When the Skirball dedicates its $34 million Winnick Heritage Hall in 2003 — phase three of its building program — the primary focus again will be upon young people. There will be an outdoor amphitheater for the performance of children’s programming. And two 3,500-square-foot children’s galleries will feature a core collection relating the biblical story of Noah’s Ark to multiculturalism today. “It’s the loveliest way to teach children about the immigrant experience,” said Herscher, who hopes the new building will help to bring 20,000 more children to the Skirball each year. “Because every pair of animals is different, it’s perfect to show how we can all get along.

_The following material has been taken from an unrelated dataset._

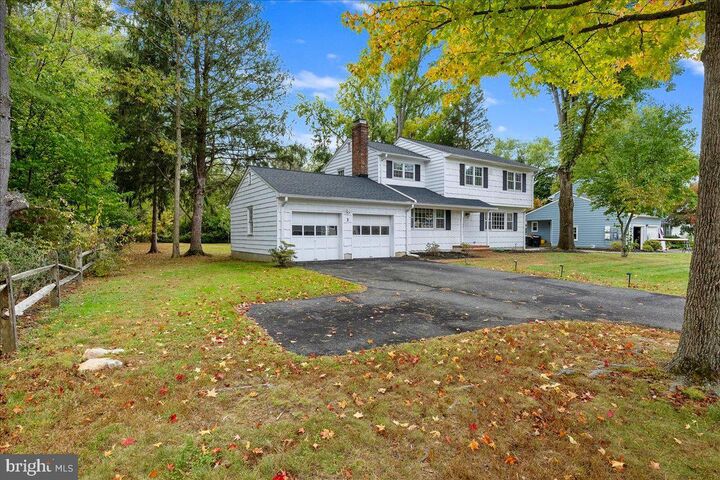 Property Photo:  3 Yorktowne Court  NJ 08550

It’s a great message for a city like L.A., where people have settled from a variety of cultures around the world.”

While the Skirball is generally lauded as a cultural center, its art exhibits have generated mixed reviews from at least two prominent Los Angeles art critics. “The Skirball has made a big contribution to the total cultural picture of this city, but I don’t think visual art is their strongest suit,” said Suzanne Muchnic, art writer for the Los Angeles Times. “I have yet to be bowled over by an exhibition there.”

“The Skirball has fulfilled its role in [enhancing] the pride and morale of Jewish constituents, but if we’re talking specifically about art-related exhibitions, it hasn’t hit its stride yet,” concurred Edward Goldman, the art critic for National Public Radio. “It seems like they are narrowing their scope to Jewish themes and subjects…. Now that the Skirball has such visibility, and they’ve built up such a prominent space for themselves, I’d like to see them launch a much more ambitious program embracing a much wider range of subjects and themes. That’s what this city needs. I’d like to see something to slightly rock the boat and upset a bit the status quo.”

Herscher said he appreciates the constructive criticism. He noted that the Winnick building will feature an 8,000-square-foot gallery that will provide the necessary space for more ambitious changing exhibitions. It’s hoped that the inaugural show, tentatively scheduled to originate at New York’s prestigious Museum of Natural History, will focus on the life and work of Albert Einstein.

Nevertheless, Herscher insisted, the Skirball’s mandate is to be a cultural center first. “We have an important museum component, but we’re not a museum in the classical sense — we never have been and we never will be,” he said. “When we display art, we have a message about how we can enrich communal life.”

Herscher clearly knows how to enrich communal life, both on a public and personal level. On the second night of Passover, he hosted a seder that read like a Who’s Who of cultural leaders: “He invited me, as well as the presidents of CalTech, USC and the Huntington Library,” Munitz told The Journal. “Some of us are Jewish, some not. It [was] intercultural and interinstitutional work at its absolute best.”

Why does Herscher believe a Jewish institution should further civic life in Los Angeles? “No one people can live in health unless the total community is healthy,” he said. “That is what [the patriarch] Abraham taught us when his first act as Jew was to welcome three strangers to his tent and to give them shelter.”